Be mindful of the exam format

The test format matters more to the student with reading difficulties than other, more typical learners. Just like performance athletes practice sport-specific training, the college learner needs to study in a test-specific environment. Determine in advance the type of test you will be taking and whether it will be on paper or the computer.

Stay calm

Students with dysgraphia know that being unable to trust that your fingers will listen to your brain is frustrating. Deal with the uncomfortable feelings by taking calm, deep breaths and doing shoulder circles during the test time. Read the test questions in advance and, while you do, warm up your fingers with a fidget spinner or squeeze a stress ball.

Plan your time

If you have an hour, read all the test questions first and make notes to make it easier for you to read the hard words when you go over it again. Work through the test, moving on to the next question if you feel stuck. Spend the last 20 minutes working on the questions you skipped and reviewing the entire exam.

Proofread

Reviewing completed answers is very important for students with dysgraphia and should begin when a third of the test time is remaining. Watch for spacing between your words and legible letter shape.
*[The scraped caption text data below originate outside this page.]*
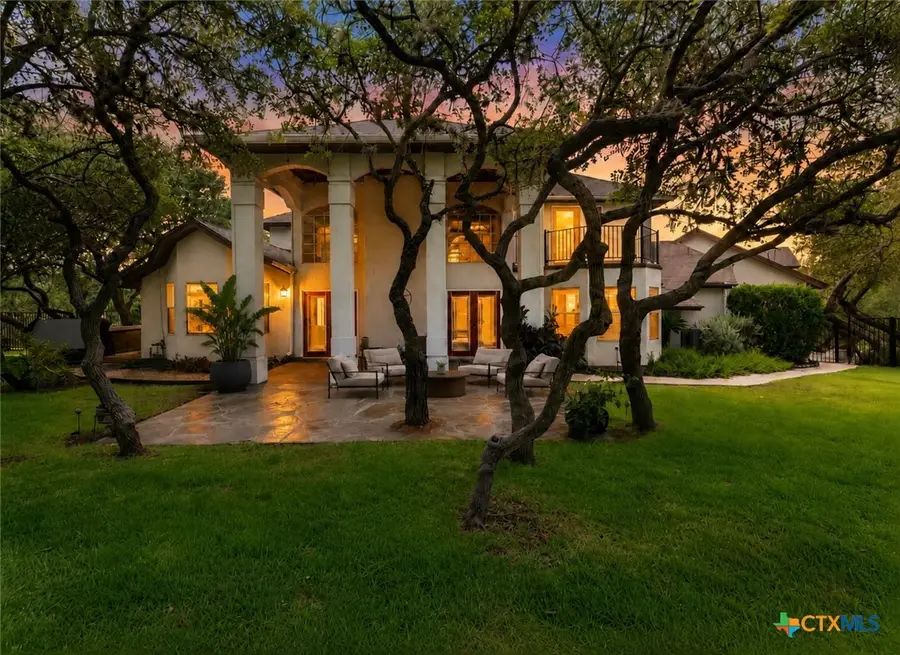 26307 Dancing Bear, San Antonio, TX 78260 - #3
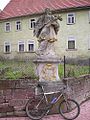 2008-03-16 File:Hochhausen Nepomukstatue 2.jpg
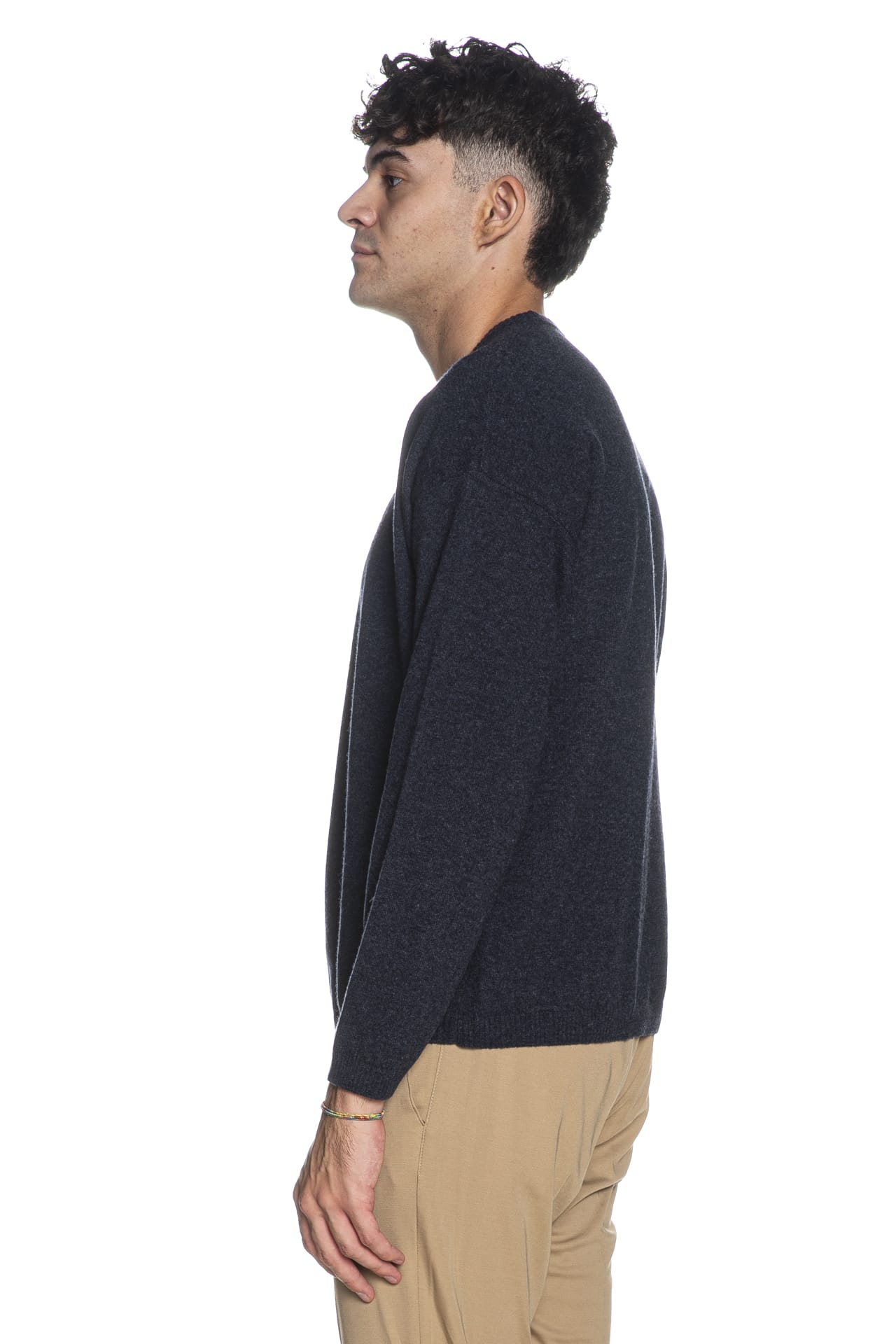 d97750818f3c43c7919d8033adf11d447b2f0785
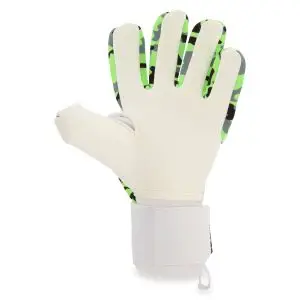 gladiator_sports_camo_green_binnenkant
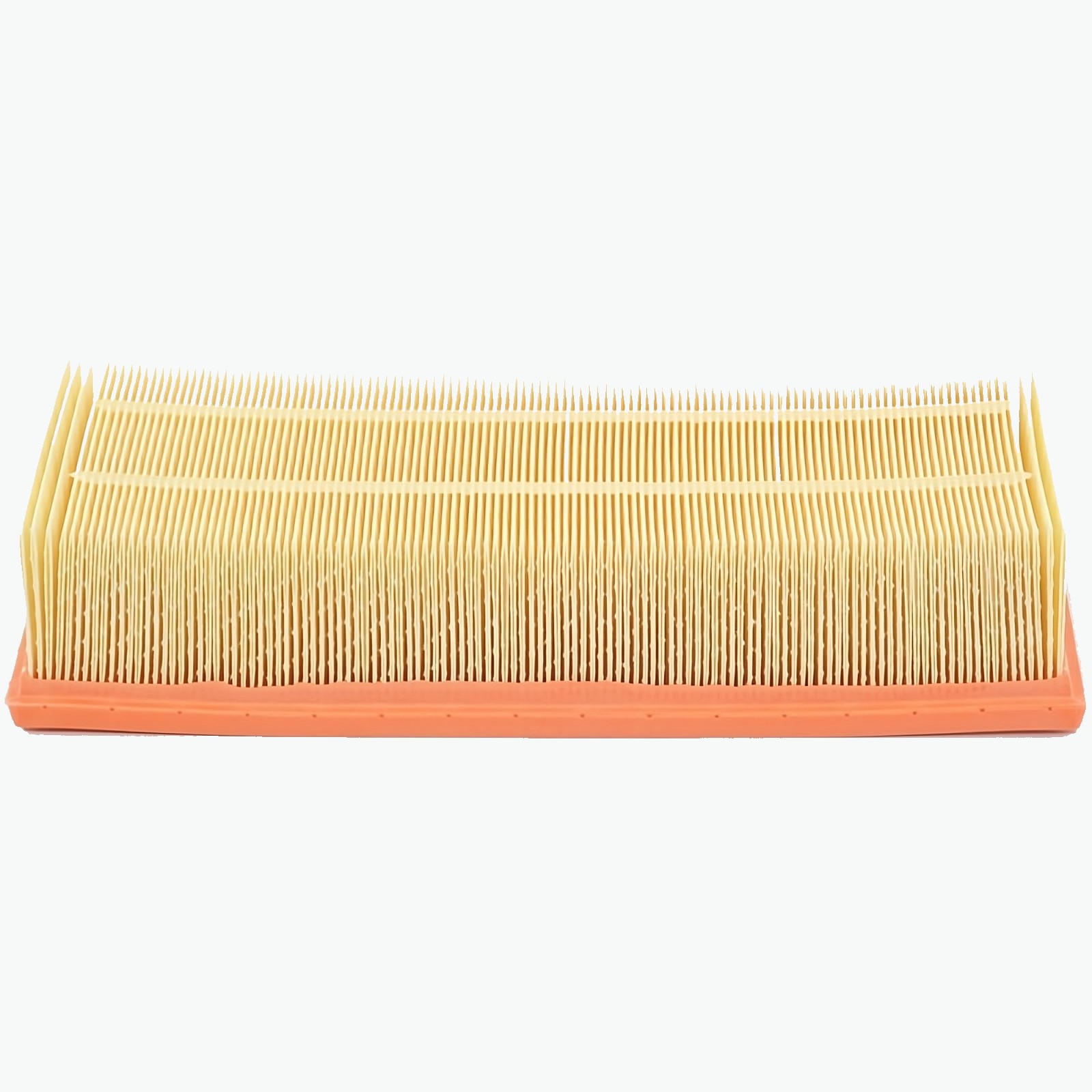 BOSCKTB003+CAST5W30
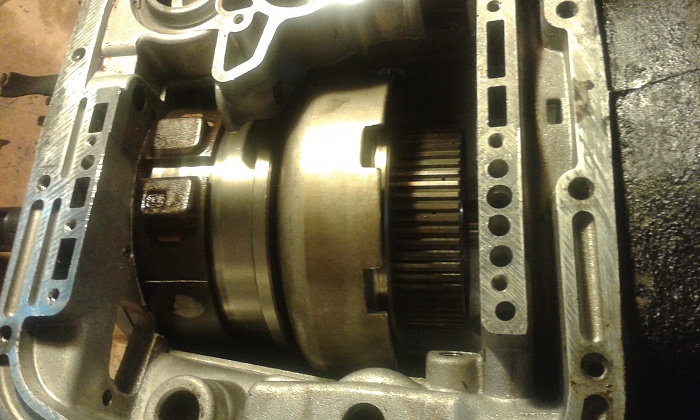 46RH teardown-20150419_153938.jpg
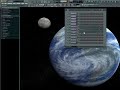 Drum 'n' Bass in FL Studio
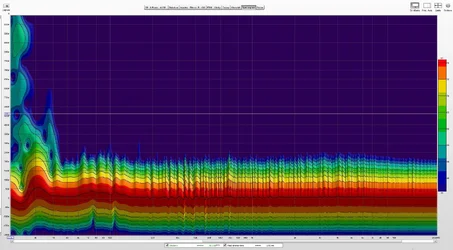 Bekplankt 4.webp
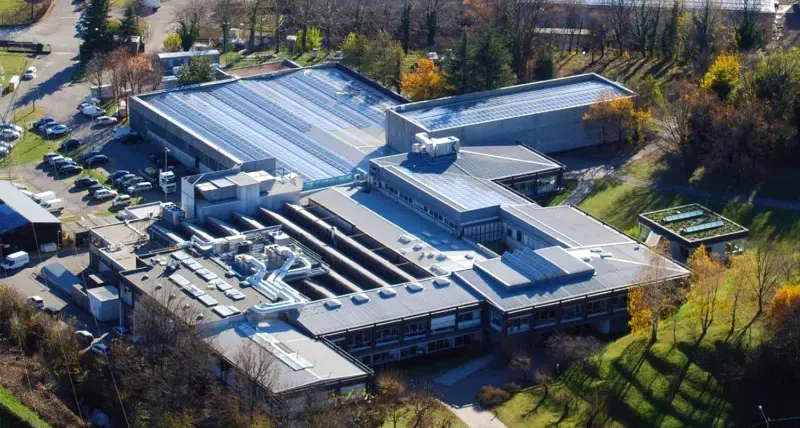 Crisi Canepa, annunciata la liquidazione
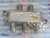 4 WAY SPLITTER / 5-900MHz / 2 PIECES /  (qzty)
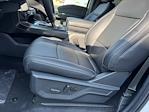 2025 Ford F-150 SuperCrew Cab 4x4 Pickup for sale #F258187 - photo 30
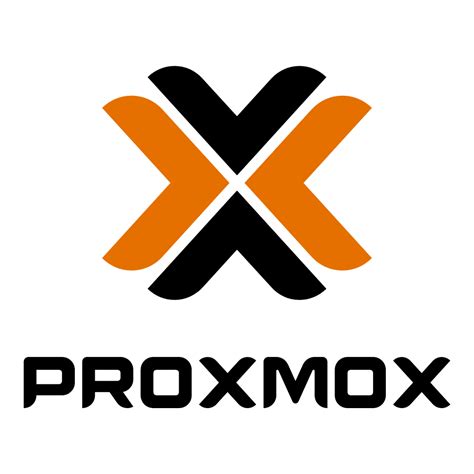 Proxmox vs ESXi | Choosing the Best Hypervisor | ServerWatch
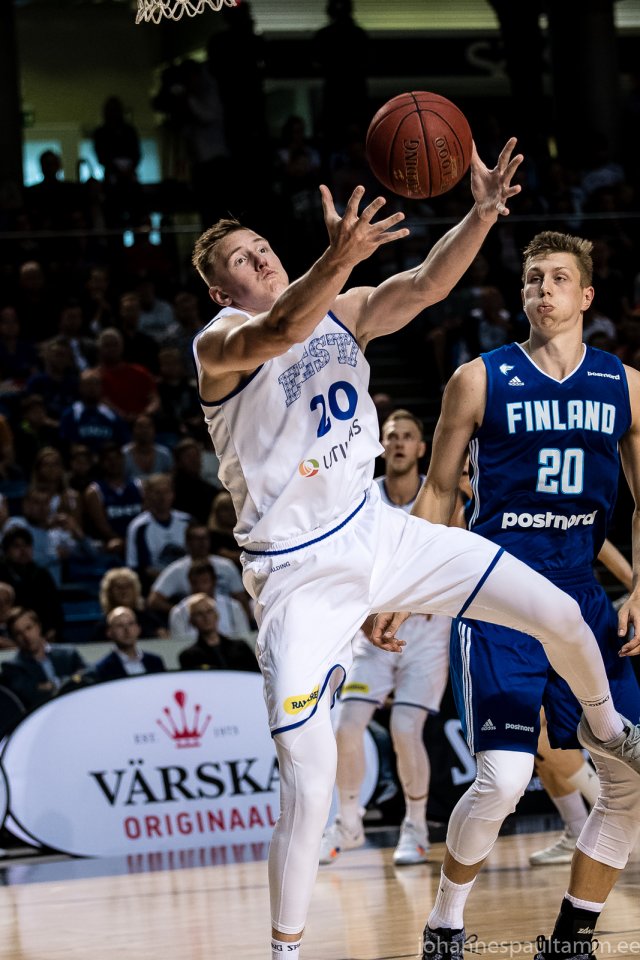 24 Eesti vs Soome 69-76 21.06.18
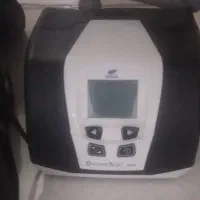 دستگاه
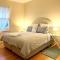 Jacks House B&B Clare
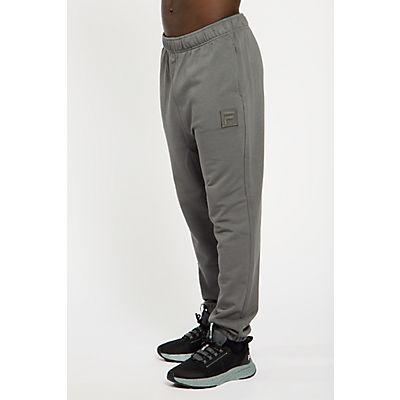 Olching Loose Fit Herren Trainerhose von Fila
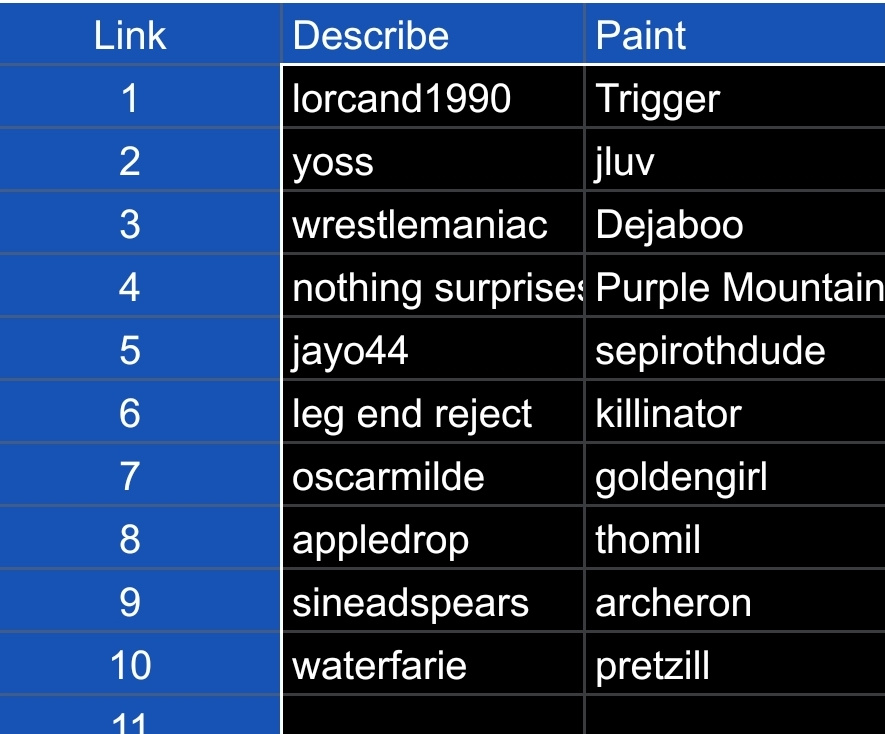 SmartSelect_20260418_115830_Sheets.jpg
If any time remains after proofing, continue to work on difficult problems until time runs out.

Study Help: Technology Edition

  • Text-to-speech tools Convert text to a synthesized voice with programs such as Natural Reader, Ivona and WordTalk.
  • Reading/scanning pens E-pens such as Wizcom ReadingPen 2, help by reading the text aloud that students scan from books and other written material.
  • Recording pens These pens digitally record students’ written notes while pens such as Livescribe Smartpen and SoundNote simultaneously record audio while you type.
  • Proofreading software Find and correct spelling and grammar errors with programs such as Grammarly, Ginger and the comprehensive Ghotit, which also reads text aloud.
  • Text Expander By expanding keyboard shortcuts into text and images, this program helps students with writing difficulties.
  • MindNode Students transform ideas into visual representations by creating and sharing mindmaps.
  • WritePad Use a stylus or your finger to take notes on your iPad in your handwriting using your own shorthand.
  • My Study Life Stay organized with classes, exams and daily tasks by using this free software.
  • MathTalk Students can perform math functions without a mouse or keyboard.
  • National Library of Virtual Manipulatives Visual-spatial exercises, like those at this website, strengthen writing skills for those with dyscalculia.
  • ModMath This virtual graph paper ensures numbers and equations are legible before printing or emailing.

Other Resources

  • What is Dysgraphia? This video from the National Center for Learning Disabilities explains dysgraphia.
  • Understanding Dysgraphia A guide to understanding dysgraphia and how to succeed despite the learning disability.
  • Dyscalculia.org This nonprofit organization shares information about math learning disabilities and provides tools for schools, teachers and students.
  • The Mathematical Brain Brian Butterworth, a professor with dyscalculia, provides tips, tools and resources for those with the learning disability.
  • Self-Advocacy Tips A handout of self-advocacy advice for students with learning disabilities from Disability Rights North Carolina.
  • Preparing Students with Disabilities for Postsecondary Education The Washington Student Achievement Council developed this guide of definitions, resources, scholarships and tips for students with common learning disabilities.